Read the whole paper An Urban Legend?! Power Rationing, Fertility and its Effects on Mothers
Unlike the New York blackout or indeed most power outages in the developed world, nationwide blackouts are a recurring feature of developing countries. As an example of the scale, 600 million Indians were affected by a two- day blackout in July 2012. And many countries in Africa experience rolling blackouts that last weeks if not months and for several hours a day.
A rolling blackout in Colombia in the early 1990s led to a rise in unplanned births
The impact of power outages on fertility is an important policy issue. For example, barriers of access to family planning may translate a temporary increase in fertility into a permanent increase in the population. In addition, if a woman is at a critical stage of life, say in her teens or early adulthood, having an unintended birth could damage her educational attainment, her career development and even her romantic relationships. This could lead to a young woman being ‘out of sync’ with her peers, an extra challenge above and beyond becoming a mother at an early age.
The scale and scope of power outages in developing countries provide the perfect natural experiment to test whether there is a link between electricity rationing and fertility. Our research makes two contributions to this debate. First, we provide evidence that there is a causal effect of power outages on both short- and long-run fertility. We examine a particular blackout in Colombia caused by the El Nino droughts in 1992, which led to a period of almost 12 months of daily rationing of electricity.
The blackout has some appealing features for the purpose of analysis: because it was caused by an unforeseen climate change phenomenon, it was completely unexpected; it lasted for one year, long enough for sufficient statistical power to detect the impact on fertility and long-run family size; and since it affected the whole country, it was very clearly delimited in time and space.

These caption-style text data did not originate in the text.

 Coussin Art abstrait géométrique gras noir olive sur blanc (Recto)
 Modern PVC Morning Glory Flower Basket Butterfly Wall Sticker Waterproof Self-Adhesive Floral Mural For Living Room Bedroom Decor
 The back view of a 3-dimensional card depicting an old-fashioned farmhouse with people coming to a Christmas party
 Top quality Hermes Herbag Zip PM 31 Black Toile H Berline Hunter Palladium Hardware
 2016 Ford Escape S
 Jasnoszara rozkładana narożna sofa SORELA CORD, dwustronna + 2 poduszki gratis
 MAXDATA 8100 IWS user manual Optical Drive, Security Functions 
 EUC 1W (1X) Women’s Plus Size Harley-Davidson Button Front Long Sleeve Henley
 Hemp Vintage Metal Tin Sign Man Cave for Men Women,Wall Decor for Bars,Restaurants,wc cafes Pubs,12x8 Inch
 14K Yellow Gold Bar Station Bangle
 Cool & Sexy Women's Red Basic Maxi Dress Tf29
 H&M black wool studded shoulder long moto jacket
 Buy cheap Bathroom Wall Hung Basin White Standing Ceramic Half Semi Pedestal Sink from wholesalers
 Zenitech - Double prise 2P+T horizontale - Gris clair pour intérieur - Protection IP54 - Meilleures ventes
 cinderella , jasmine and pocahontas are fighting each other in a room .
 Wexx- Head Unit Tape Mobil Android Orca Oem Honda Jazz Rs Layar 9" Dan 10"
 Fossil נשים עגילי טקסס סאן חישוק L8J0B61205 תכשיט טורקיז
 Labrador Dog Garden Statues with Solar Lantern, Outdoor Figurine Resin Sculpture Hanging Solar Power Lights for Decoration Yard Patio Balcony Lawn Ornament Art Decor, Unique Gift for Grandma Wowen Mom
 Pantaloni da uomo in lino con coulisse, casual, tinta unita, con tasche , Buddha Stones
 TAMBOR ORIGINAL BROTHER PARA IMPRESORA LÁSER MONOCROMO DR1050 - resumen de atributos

Young women who became mothers after the blackout had worse outcomes in later life
To identify the effect of the rolling blackout, we construct two novel datasets. First, we use a sample of the 2005 population census of Colombia to construct retrospective birth histories linking mothers to children within the household. We combine this dataset with municipality- level variation in the intensity of lights at night as measured by satellites images for the period 1992/93.
We document an increase of 0.005 percentage points in the probability of having a child in 1993. When evaluated at the average probability of having a child in any given year, this results in an increase in the chance of women giving birth by 4%. This implies that if the whole of Colombia were to lose power for one year, an additional 27,000 children would be born.
We also identify heterogeneous effects by age cohorts: almost all of the effect of increased fertility was among women between the ages of 15 and 30 in 1992. This fertility effect persists: a quarter of women who gave birth following the blackout had a higher total fertility 13 years later than comparable women who had not become mothers then.
It is an open question how unplanned pregnancies affect mothers’ future lives. The second contribution of our research is to use the intensity of the blackout to study the effect of the change in fertility on the later economic outcomes of young mothers. We find evidence that women who had an unplanned birth following the blackout and could not adjust their lifetime fertility are twice as likely to be single mothers as comparable women who did not have ‘blackout babies’. They are also much less likely to have completed a university degree.
These findings suggest that there have been significant and long-term negative consequences of the blackout for some young women in Colombia. Having found this for one country, we need further research to see if the effect holds elsewhere in the world, particularly where power outages are a regular occurrence.